Sie stehen als Schiedsrichterassistent mit dem Rücken zum Publikum. Bekommen Sie alles mit?

Kleve: Natürlich bekommt man die Stimmung mit. Ist sie positiv, oder aufgeheizt. Man hat eine Hintergrundkulisse, die man dann aber abstellen muss und sich auf den Platz konzentriert. Das läuft wie im Tunnel ab.

Wie läuft die Entscheidungsfindung bei kniffligen Situationen ab?

Kleve: Ein großer Faktor ist die Erfahrung, die ich habe. Wir Schiedsrichter kennen die Laufwege der Spieler wie zum Beispiel von Aubameyang oder Robben, können so vorausahnen, was passiert. Damit ich einen Wimpernschlag mehr Zeit zum Verarbeiten habe, führe ich die Fahne in der linken Hand, damit ich sie nicht spontan mit rechts hochreiße. Der Wechsel gibt mir einen kleinen Moment zum Nachdenken.
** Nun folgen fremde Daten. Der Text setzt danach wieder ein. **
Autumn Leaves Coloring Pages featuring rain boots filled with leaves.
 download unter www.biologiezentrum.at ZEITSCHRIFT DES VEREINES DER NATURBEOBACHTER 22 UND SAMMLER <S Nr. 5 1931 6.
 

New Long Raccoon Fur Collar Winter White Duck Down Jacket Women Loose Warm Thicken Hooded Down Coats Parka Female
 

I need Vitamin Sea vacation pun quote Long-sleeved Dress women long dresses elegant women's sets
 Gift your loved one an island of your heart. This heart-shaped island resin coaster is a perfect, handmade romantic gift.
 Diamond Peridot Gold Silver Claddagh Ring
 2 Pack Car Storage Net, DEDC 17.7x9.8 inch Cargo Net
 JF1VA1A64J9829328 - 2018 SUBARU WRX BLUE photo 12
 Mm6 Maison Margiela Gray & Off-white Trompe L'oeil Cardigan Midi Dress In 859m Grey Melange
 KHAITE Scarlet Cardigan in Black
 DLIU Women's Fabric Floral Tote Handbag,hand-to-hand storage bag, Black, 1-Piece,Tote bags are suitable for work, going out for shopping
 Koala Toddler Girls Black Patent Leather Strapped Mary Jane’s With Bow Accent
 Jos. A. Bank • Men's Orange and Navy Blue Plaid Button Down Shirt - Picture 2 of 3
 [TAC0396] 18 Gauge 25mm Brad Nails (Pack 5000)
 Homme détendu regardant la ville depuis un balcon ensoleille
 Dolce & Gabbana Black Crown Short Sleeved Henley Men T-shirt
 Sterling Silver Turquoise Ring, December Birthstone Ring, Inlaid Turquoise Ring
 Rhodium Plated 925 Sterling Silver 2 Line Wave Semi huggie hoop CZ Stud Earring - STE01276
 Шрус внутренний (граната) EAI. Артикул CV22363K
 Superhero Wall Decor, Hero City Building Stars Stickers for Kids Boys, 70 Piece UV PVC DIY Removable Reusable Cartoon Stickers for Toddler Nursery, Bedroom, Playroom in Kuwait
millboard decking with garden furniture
Sie waren 2015 beim EM-Qualifikationsspiel zwischen Montenegro und Russland dabei, das wegen Zuschauerausschreitungen abgebrochen werden musste. Wurden Sie schon einmal zur Zielscheibe von Wurfgeschossen?

Kleve: Ich hatte das Glück, dass ich bisher nie getroffen worden bin. Es gibt Kollegen und Spieler, die schon verletzt worden sind. Und daher können wir immer nur warnen: So etwas ist höchst verwerflich und wird als Körperverletzung gewertet. Die bedauerlichen Szenen beim Relegationsspiel bei 1860 München dienen als warnendes Beispiel. Sie schaden dem Ansehen des Fußballs.

Hören Sie, was einzelne Fans von draußen reinbrüllen?

Kleve: Eigentlich nicht, weil ich mich auf die Kommunikation mit dem Schiedsrichter konzentrieren muss und das Spiel beobachte.

Dabei haben Sie sogar einmal Spaniens Nationaltrainer del Bosque umgerannt.

Kleve: Ja, er stand zu nah am Spielfeldrand. Aber es war nichts passiert. Wir haben uns abgeklatscht und konnten beide sofort weitermachen.

Wenn Sie selber Fußball spielen, haben Sie sich schon einmal über den Schiri aufgeregt?

Kleve: Ich spiele selber nur noch in der Hobby-Mannschaft unserer Kanzlei, kann aber verstehen, dass Zuschauer und Spieler sich emotionalisieren lassen. Das gehört auch dazu, aber es muss in einem Rahmen bleiben. Solange Respekt und Fairplay im Vordergrund stehen, akzeptiere ich auch Kritik, selbst wenn sie schelmisch ist.

Passt das zusammen: Anwalt und Schiedsrichter?

Kleve: Ja, weil ein Stück weit dieser Gerechtigkeitssinn in beiden Welten eine große Rolle spielt. So war es vielleicht kein Zufall, dass ich Jura studiert habe. Jetzt hilft mir die Erfahrung aus den Spielen, in meiner beratenden Tätigkeit als Anwalt für meine Mandanten in Krisensituationen den Druck abfedern zu können oder wirtschaftlich bedeutende Entscheidungen zu begleiten. Zudem berate ich im Sportrecht, das ist eine ganz gute Kombination.

Kleve: Sie trainieren wie ein Leistungssportler. Wie sieht es mit der mentalen Fitness aus?

Es gibt Schulungsprogramme, auch multimedial. Wir trainieren unsere Sichtfelder und Reaktionsfähigkeit am Computer. Es gibt wöchentlich eine Video-Darstellung des DFB, wo bestimmte Situationen gezeigt werden. Wir haben mittlerweile sogar sportpsychologische Betreuung. Wir sind dem Leistungssport schon sehr nahe. Es läuft sehr professionell ab.

Warum setzen Sie sich dem Stress neben Ihrem Beruf aus?

Kleve: Wir Schiedsrichter sind auch Sportler. Da gilt auch: Höher, schneller, weiter. Da ist dann der Ehrgeiz, in möglichst hohe sportliche Regionen vorzudringen oder bedeutende Spiele leiten zu dürfen.

Und am Saison-Ende gibt es ein Zeugnis?

Kleve: Ja, das kann man so ausdrücken. Bei jedem Spiel ist ein Schiri-Beobachter, der direkt nach Abpfiff mit uns die Szenen durchgeht und auch bewertet. Es werden regelmäßig Leistungstests durchgeführt. Wir treffen uns mehrmals im Jahr mit allen Schiedsrichtern. Das nächste Mal in wenigen Wochen am Chiemsee, um uns auf die neue Saison vorzubereiten.